Of course, the accuracy of the source data on social media is suspect. The online personas users construct are not always accurate reflections of reality. Moreover, insureds can seriously undermine the underwriting process by learning what information carriers are looking for and publishing content they believe will help them get a lower premium.
Despite its challenges, social media remains a great tool for enhanced customer intelligence and developing more personalized policies.
Although social media data offers a trove of growth opportunities for insurers, the legal challenges, brand-affinity risks and lack of data verification are causing many to steer clear of this underwriting method. In fact, out of 160 insurers investigated by New York state, only one used social media for underwriting.
To mitigate risks, insurers should focus on rewarding “good” behavior on social media rather than punishing “bad” behavior. In other words, offer discounts to desirable risks. Many regulatory bodies are slow to respond with clear guidelines on big-data analysis of social media. Err on the side of caution.

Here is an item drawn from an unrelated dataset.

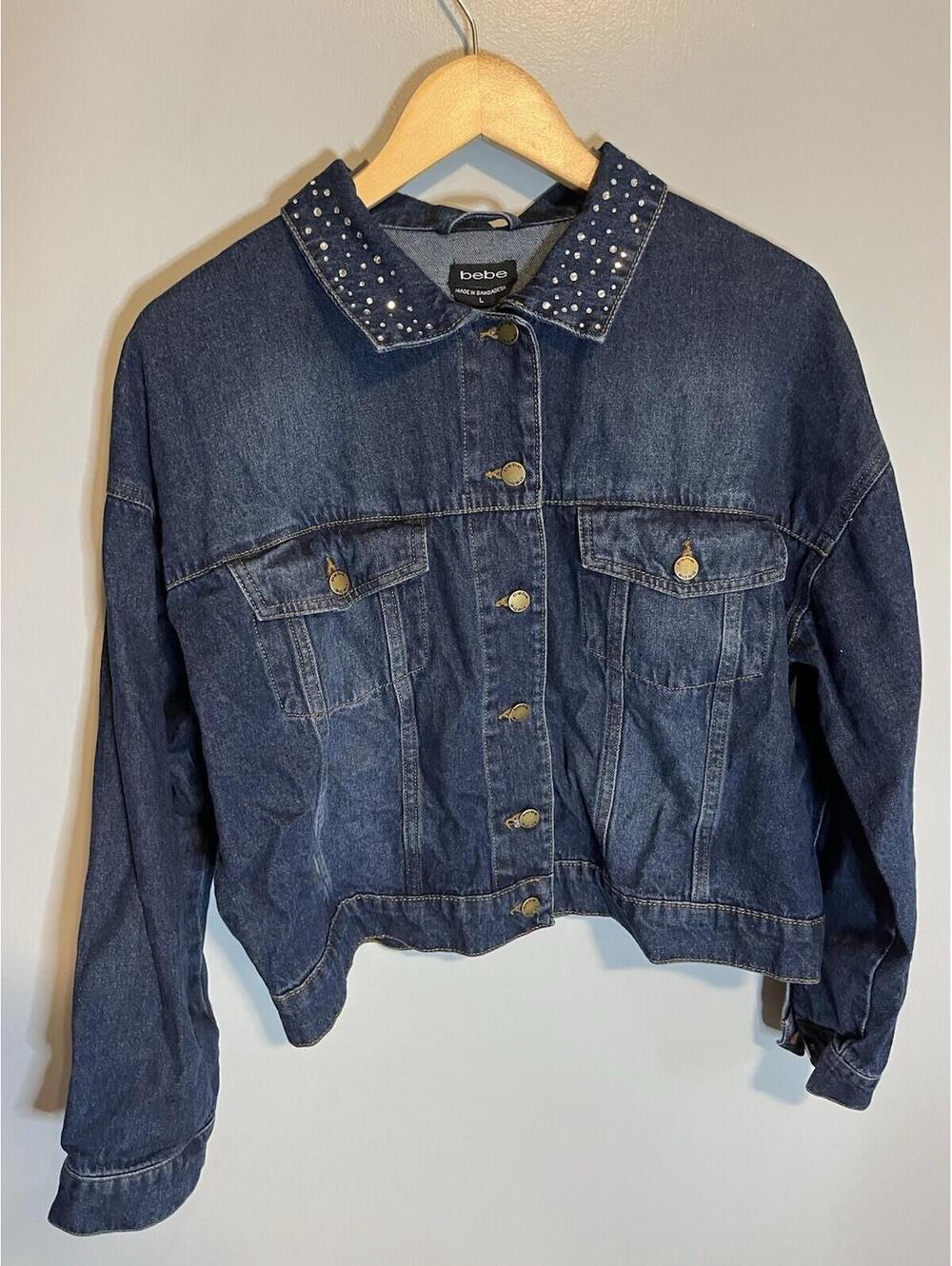 BEBE Women's Denim Long Sleeve Blue Jean Jacket Size Large Dark Wash Rhinestones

As social media data usage in underwriting is adopted, insurers must be transparent with customers about using and obtaining the data. This step is imperative, as undisclosed use of client social media data can infringe on privacy laws and antidiscrimination laws and leave customers feeling violated.
Leveraging consumer external data remains critical for insurers today. Insurers that comply with regulatory requirements and emphasize explainability and proportionality can mine magnitudes of external customer data and turn it into actionable information. Of course, they’ll need modern rating and underwriting systems to leverage that information.